__Task to carry out__. Could you write out, exactly as they stand, only the lines in the listing below from the line with "2 Pcs Women's Unstitched Digital Print Suit" to the line with "Burkert Proportional Solenoid", both ends included, without the pictures?

··· Excerpted records

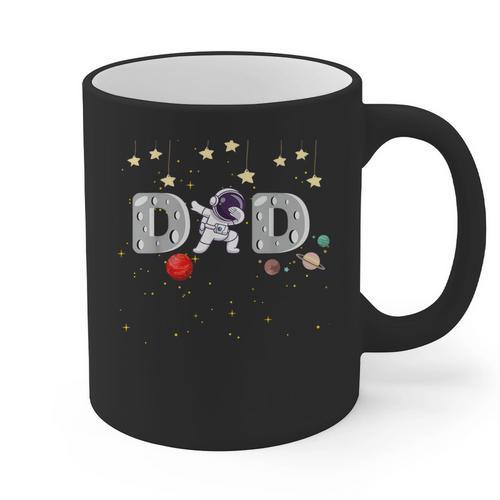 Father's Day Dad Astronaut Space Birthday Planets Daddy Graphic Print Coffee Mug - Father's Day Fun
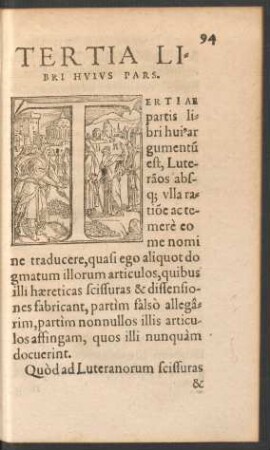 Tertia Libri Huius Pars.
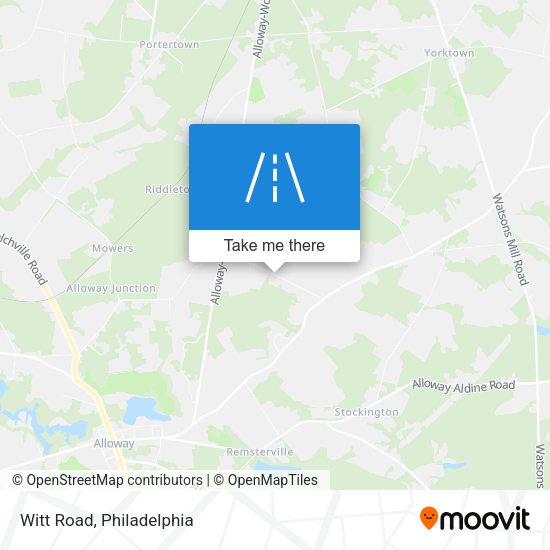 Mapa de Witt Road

······
··· Excerpted records

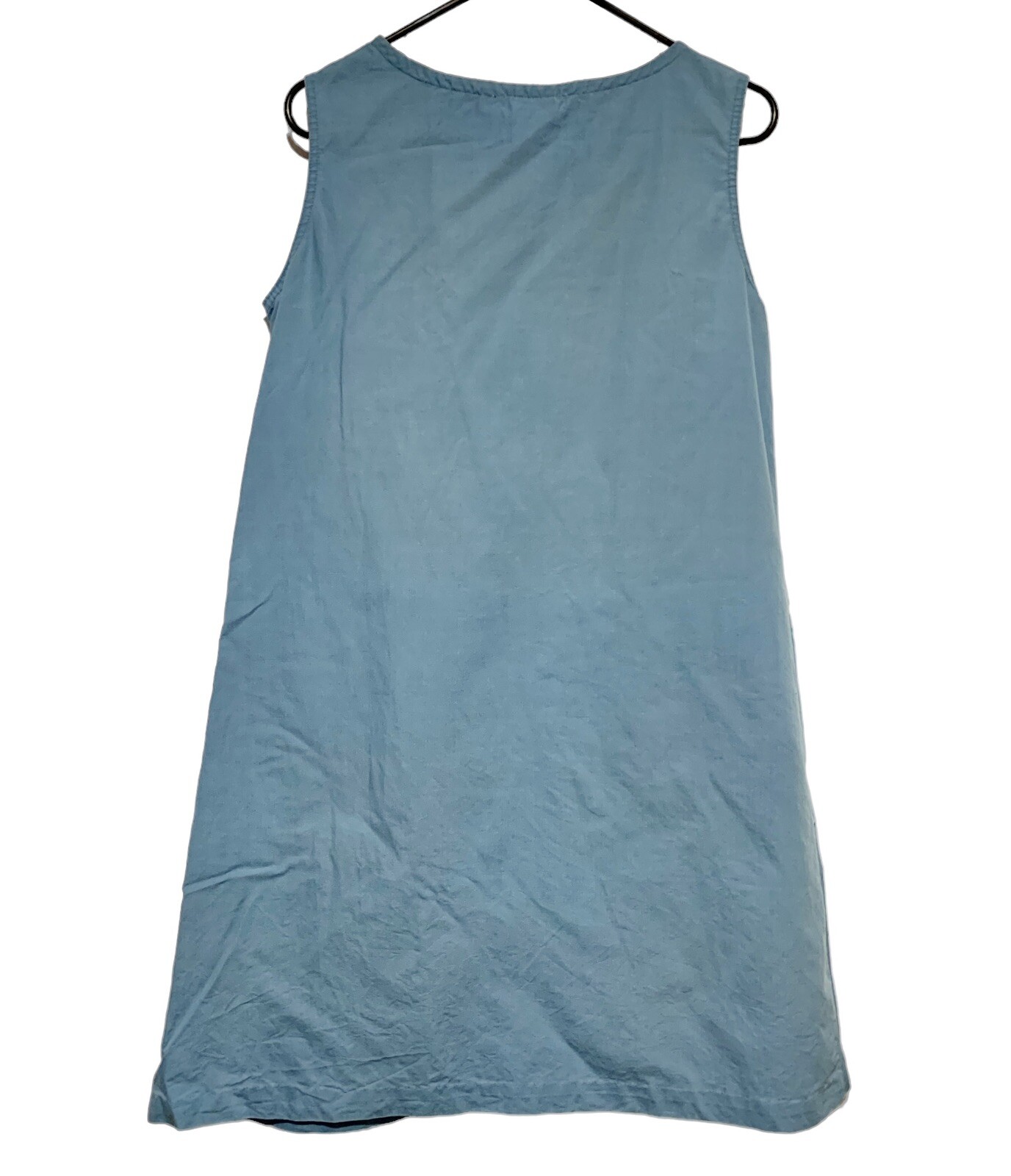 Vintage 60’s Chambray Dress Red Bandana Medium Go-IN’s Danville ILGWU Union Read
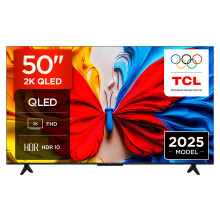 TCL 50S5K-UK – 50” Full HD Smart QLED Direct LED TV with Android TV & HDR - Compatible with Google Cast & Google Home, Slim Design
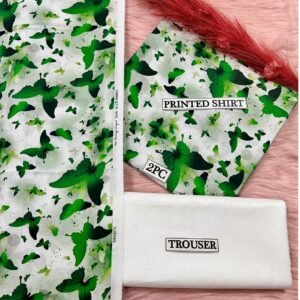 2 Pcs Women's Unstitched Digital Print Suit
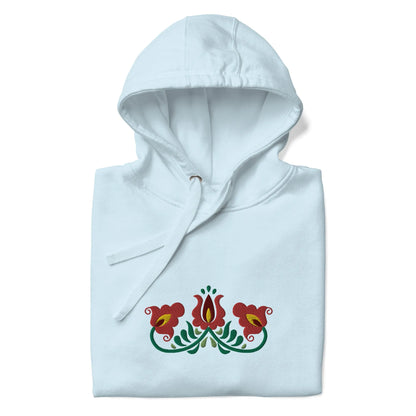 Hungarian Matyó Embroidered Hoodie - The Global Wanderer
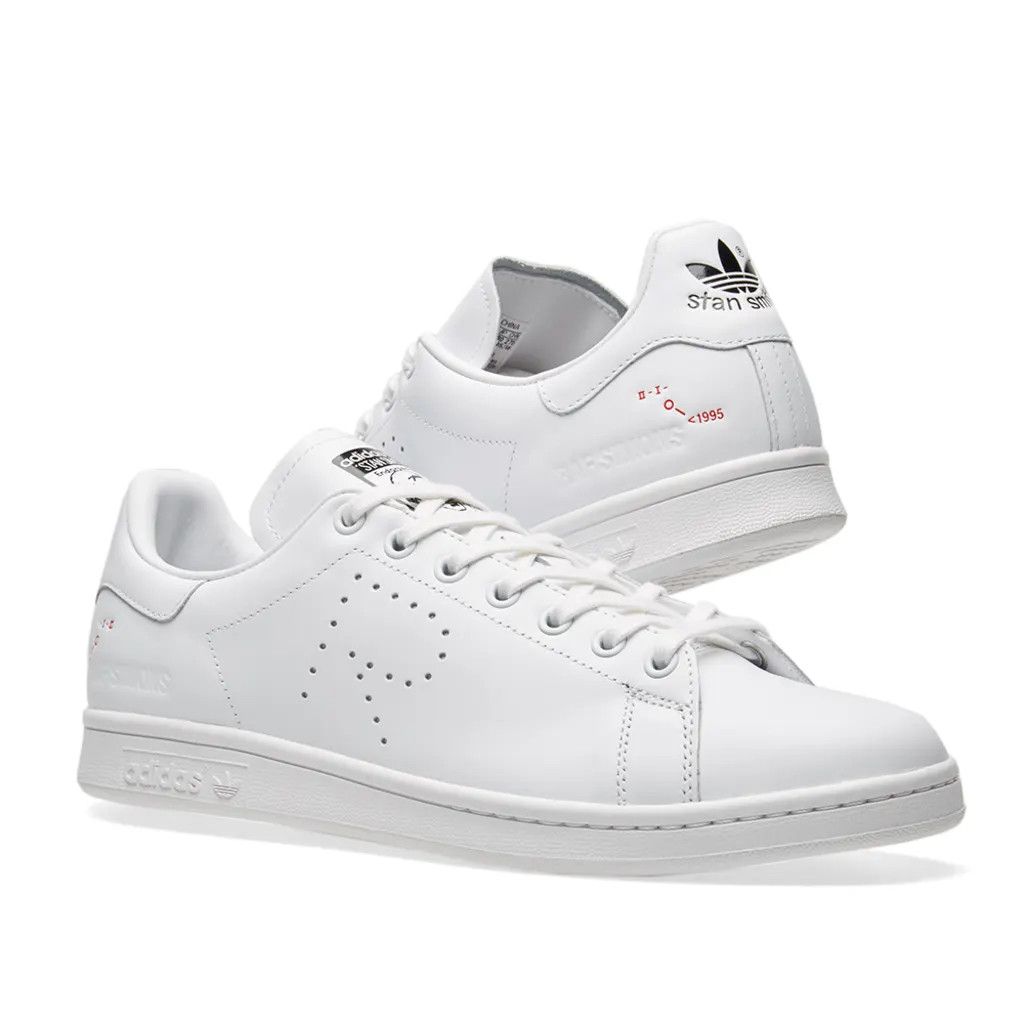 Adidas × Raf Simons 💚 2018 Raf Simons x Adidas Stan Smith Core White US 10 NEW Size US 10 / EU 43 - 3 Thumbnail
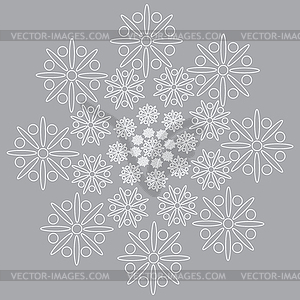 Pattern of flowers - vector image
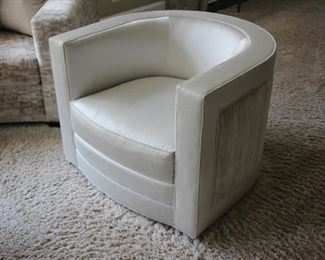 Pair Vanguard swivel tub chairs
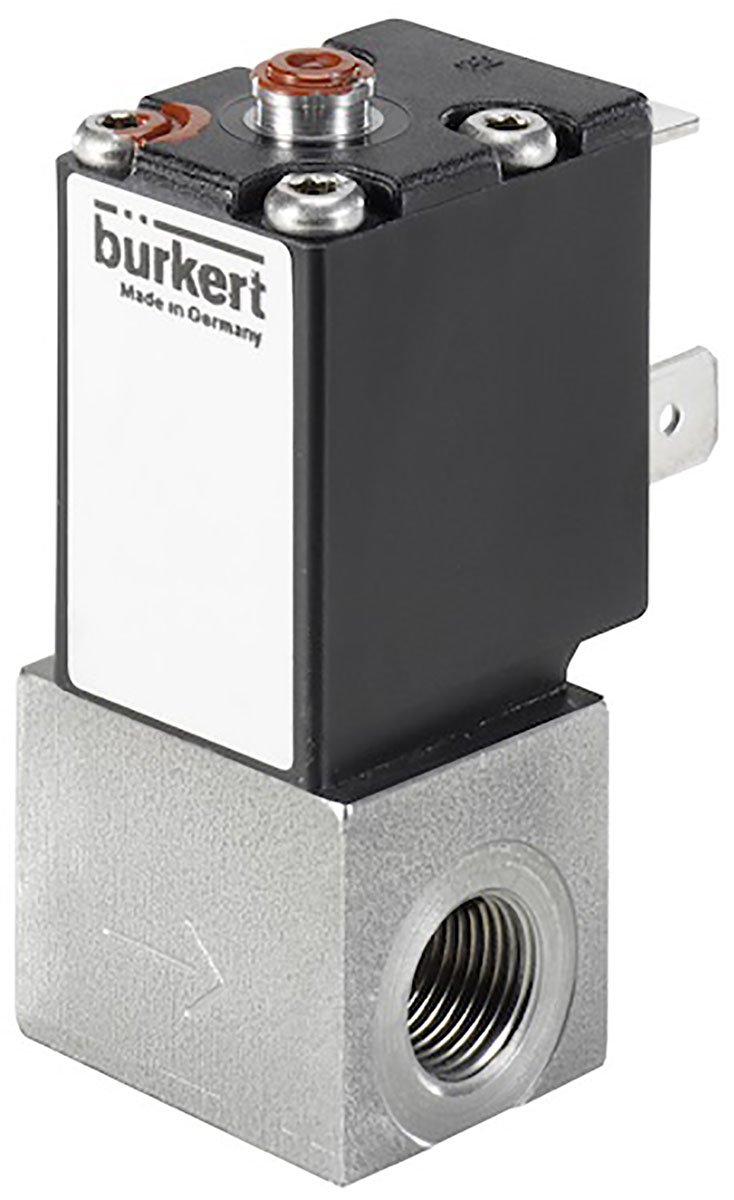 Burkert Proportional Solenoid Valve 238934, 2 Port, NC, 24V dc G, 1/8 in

······

__Result of this task__.
 2 Pcs Women's Unstitched Digital Print Suit
 Hungarian Matyó Embroidered Hoodie - The Global Wanderer
 Adidas × Raf Simons 💚 2018 Raf Simons x Adidas Stan Smith Core White US 10 NEW Size US 10 / EU 43 - 3 Thumbnail
 Pattern of flowers - vector image
 Pair Vanguard swivel tub chairs
 Burkert Proportional Solenoid Valve 238934, 2 Port, NC, 24V dc G, 1/8 in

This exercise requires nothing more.